Thursday, June 24, 2010

Christology: On Moltmann's The Crucified God

I thought I was taking on a lot to do Schleiermacher, but here comes you and Jurgen Moltmann – and you did very well. So far as I can tell, anyway. And you’re right to point out so many of these crucial points. I do think it is key to remember, as it is with all theologies, what preceded them – in this case, the ‘death of God’ theology of Barth, Niebuhr and Tilich. Against classical theism, it might sound like such a contrast to say that God actually died on the cross in some way – but against people who already thought that God had already died in some real sense, it must matter that Jurgen says God died on the cross, that this was, in some sense, already Auschwitz.

Living in the wake of Moltmann and Niehbur, as well as Nietzche, it’s hard precisely to know what to make of all of this – a bizarre mixture of comfort, because clearly we’re not, this generation, coming from the pro-Platonic side of things, but also disconcerting because it is precisely in the wake of not one, but repeated genocides and the stangely personal event that was 9/11, one starts to wonder if it might be better if there were a God who didn’t seem impotent in the face of human evil, who we didn’t seem to hold so much power over, no matter how we got it, that Jesus doesn’t just keep getting back up on the cross.

Having read Moltmann on the Spirit and the Resurrection, I feel he does put together something salvific ultimately, but hearing Jesus described as an ‘emergency measure’ raised my eyebrows here. I myself have talked about the crucifixion as a crisis, but a crisis has, at least in literary terms, a resolution – it is the climax, with all these chiastic overtones. But in an emergency those things don’t necessarily have to happen. An emergency isn’t part of a story. An emergency is just what happens to people. People come through crisis; people die in emergencies. So to me Moltmann here, in his Trinitarian focus, in its focus on the cross alone, is profoundly true but ultimately incomplete. I can’t find it hopeful. I don't know that there's a God here strong enough to trust.

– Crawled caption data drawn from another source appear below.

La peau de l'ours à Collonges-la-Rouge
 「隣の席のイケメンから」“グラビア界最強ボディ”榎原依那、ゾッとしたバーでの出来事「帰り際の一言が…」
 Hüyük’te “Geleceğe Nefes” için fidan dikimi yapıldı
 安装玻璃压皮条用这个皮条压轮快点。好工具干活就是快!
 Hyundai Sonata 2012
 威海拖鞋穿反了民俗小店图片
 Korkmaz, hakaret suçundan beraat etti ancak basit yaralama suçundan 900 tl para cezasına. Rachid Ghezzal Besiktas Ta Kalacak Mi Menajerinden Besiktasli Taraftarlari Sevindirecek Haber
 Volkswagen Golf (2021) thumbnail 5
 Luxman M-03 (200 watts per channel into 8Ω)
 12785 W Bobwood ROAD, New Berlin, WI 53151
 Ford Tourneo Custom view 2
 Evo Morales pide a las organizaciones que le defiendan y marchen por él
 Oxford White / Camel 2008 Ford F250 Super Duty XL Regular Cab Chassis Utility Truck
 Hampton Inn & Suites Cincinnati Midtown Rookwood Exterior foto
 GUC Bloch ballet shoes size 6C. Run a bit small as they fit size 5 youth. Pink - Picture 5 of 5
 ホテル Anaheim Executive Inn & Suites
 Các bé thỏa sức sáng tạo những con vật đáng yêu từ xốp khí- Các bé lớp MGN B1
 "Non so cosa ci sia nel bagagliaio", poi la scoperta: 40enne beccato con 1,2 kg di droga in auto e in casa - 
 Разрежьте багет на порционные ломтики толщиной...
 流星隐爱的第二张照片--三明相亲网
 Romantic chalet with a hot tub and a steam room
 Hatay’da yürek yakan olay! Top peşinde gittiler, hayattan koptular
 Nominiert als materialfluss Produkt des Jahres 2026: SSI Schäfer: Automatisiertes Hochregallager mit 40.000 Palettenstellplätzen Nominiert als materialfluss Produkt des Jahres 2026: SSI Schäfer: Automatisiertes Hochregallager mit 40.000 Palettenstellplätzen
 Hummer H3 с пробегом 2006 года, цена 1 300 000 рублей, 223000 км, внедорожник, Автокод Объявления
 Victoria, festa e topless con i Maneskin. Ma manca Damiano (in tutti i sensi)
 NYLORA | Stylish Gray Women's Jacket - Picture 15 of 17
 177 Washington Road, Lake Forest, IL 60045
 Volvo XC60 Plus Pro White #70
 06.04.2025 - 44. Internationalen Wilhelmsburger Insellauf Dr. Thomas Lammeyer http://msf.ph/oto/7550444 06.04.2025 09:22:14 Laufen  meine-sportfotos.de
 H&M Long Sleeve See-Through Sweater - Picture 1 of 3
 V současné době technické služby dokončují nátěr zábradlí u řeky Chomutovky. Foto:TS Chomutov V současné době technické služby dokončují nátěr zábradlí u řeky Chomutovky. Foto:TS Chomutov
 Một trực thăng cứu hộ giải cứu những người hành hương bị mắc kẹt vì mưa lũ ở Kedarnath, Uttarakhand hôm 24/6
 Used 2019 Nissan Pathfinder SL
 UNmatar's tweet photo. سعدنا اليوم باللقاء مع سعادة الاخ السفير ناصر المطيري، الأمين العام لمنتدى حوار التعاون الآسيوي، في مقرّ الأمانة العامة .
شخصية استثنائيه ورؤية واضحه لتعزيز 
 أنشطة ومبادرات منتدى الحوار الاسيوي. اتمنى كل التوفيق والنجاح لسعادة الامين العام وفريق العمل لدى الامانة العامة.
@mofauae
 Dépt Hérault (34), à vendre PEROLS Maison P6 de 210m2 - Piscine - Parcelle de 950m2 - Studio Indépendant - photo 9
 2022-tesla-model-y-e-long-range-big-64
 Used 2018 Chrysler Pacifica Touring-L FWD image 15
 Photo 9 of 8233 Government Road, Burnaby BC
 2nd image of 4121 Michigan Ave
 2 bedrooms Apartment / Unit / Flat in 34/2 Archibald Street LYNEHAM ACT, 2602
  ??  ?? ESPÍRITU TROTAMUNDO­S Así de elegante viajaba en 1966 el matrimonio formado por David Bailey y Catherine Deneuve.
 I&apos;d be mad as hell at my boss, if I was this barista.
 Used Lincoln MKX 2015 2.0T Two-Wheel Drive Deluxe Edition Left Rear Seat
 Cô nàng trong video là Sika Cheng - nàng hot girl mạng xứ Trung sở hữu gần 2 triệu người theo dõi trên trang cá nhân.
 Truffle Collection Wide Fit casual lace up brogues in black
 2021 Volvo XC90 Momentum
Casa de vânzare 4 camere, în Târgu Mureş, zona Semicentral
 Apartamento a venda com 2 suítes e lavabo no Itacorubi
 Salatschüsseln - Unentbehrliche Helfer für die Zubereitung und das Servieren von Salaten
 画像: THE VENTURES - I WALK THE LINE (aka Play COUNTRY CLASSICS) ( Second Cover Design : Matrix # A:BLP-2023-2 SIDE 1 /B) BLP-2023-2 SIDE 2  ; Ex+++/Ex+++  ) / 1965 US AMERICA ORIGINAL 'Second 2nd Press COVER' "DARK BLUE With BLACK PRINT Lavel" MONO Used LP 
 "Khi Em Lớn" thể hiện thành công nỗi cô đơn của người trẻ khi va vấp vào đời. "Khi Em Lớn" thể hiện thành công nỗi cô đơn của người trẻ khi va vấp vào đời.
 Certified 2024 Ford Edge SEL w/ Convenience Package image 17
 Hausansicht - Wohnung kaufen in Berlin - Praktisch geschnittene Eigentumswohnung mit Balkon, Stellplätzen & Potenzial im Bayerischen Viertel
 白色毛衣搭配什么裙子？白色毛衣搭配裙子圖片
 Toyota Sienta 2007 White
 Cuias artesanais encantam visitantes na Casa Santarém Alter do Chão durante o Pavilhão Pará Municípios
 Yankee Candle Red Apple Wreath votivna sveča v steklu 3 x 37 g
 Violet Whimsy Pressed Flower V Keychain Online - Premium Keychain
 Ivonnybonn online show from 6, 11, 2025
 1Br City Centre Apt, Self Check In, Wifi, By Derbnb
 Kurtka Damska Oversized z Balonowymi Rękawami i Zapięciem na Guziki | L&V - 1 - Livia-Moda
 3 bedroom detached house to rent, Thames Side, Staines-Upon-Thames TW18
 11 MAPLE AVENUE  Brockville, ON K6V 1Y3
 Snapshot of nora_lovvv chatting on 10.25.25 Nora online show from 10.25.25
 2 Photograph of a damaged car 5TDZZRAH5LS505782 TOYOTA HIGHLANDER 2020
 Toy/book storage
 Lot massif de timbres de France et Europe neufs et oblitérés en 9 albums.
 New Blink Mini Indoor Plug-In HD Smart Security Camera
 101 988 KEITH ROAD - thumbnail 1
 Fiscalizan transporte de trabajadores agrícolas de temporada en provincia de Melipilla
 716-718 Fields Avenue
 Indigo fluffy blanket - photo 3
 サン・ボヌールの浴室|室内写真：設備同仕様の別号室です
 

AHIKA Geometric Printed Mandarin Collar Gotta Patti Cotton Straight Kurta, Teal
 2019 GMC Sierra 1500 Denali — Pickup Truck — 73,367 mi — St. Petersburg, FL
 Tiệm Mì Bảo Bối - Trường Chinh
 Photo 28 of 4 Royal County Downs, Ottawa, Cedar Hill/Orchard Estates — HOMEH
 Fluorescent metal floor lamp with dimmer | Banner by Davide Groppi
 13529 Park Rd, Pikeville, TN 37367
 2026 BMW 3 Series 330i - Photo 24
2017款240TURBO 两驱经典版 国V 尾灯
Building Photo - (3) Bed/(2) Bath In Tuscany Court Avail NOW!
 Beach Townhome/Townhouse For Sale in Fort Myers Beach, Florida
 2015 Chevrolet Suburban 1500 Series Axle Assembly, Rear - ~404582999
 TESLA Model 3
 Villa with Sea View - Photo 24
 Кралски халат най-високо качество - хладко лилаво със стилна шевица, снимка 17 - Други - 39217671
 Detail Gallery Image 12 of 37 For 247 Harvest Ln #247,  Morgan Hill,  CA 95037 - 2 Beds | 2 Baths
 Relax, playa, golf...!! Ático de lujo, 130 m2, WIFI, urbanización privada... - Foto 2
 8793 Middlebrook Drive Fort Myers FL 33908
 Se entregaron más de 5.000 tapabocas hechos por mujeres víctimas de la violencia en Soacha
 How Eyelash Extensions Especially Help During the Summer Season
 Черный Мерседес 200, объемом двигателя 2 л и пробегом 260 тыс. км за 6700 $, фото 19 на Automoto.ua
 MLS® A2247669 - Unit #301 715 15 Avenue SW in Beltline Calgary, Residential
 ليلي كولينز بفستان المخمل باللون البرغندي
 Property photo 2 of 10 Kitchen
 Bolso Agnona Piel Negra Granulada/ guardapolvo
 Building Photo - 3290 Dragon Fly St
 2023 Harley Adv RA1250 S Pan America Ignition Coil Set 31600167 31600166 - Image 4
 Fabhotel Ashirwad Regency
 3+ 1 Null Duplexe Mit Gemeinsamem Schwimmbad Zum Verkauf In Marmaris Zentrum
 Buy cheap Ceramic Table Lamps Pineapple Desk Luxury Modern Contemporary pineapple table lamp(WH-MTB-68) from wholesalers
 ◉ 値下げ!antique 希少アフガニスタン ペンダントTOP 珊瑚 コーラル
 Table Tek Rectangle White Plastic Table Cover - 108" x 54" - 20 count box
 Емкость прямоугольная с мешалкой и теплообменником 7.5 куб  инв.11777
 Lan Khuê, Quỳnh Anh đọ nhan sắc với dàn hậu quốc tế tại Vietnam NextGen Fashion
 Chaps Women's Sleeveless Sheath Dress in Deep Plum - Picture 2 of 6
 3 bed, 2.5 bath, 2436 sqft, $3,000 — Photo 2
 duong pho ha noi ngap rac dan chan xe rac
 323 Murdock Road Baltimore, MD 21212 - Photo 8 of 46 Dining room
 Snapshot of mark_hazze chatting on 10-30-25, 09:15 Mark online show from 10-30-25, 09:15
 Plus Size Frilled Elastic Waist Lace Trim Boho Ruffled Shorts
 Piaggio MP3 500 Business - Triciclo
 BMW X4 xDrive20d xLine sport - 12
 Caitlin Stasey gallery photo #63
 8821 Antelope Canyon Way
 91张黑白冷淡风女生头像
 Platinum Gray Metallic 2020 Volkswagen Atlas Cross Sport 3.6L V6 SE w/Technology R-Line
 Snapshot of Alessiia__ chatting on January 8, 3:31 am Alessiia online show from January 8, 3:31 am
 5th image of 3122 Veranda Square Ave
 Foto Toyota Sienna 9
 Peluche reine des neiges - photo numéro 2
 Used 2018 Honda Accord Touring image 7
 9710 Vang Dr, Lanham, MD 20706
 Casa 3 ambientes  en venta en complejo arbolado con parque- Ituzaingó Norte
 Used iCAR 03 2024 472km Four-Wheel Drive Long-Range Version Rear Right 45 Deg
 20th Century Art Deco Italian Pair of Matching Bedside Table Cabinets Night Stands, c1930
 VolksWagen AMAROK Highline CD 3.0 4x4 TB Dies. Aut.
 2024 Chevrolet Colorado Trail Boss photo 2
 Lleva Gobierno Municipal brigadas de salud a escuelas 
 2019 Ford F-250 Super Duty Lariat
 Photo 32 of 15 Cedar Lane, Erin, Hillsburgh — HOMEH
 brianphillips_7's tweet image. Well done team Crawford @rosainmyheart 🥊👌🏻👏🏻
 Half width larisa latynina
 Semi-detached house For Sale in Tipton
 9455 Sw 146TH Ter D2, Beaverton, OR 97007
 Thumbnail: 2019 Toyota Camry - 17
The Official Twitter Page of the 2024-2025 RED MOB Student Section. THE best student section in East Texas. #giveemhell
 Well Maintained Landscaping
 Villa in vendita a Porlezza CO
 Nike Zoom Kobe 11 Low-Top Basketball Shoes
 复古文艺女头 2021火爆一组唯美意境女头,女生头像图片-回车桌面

Later, Moltmann says, if I remember correctly, that the Cross is the Resurrection is the Pentecost, that it’s all part of the one thing, and there I think he’s on to something. That’s what I’m looking for. Moltmann here in many ways is something that I’ve already heard; it’s something that the world keeps telling us over and over and over: we really did kill Him. And I agree, but I’m listening for something more. I want the rest of the story.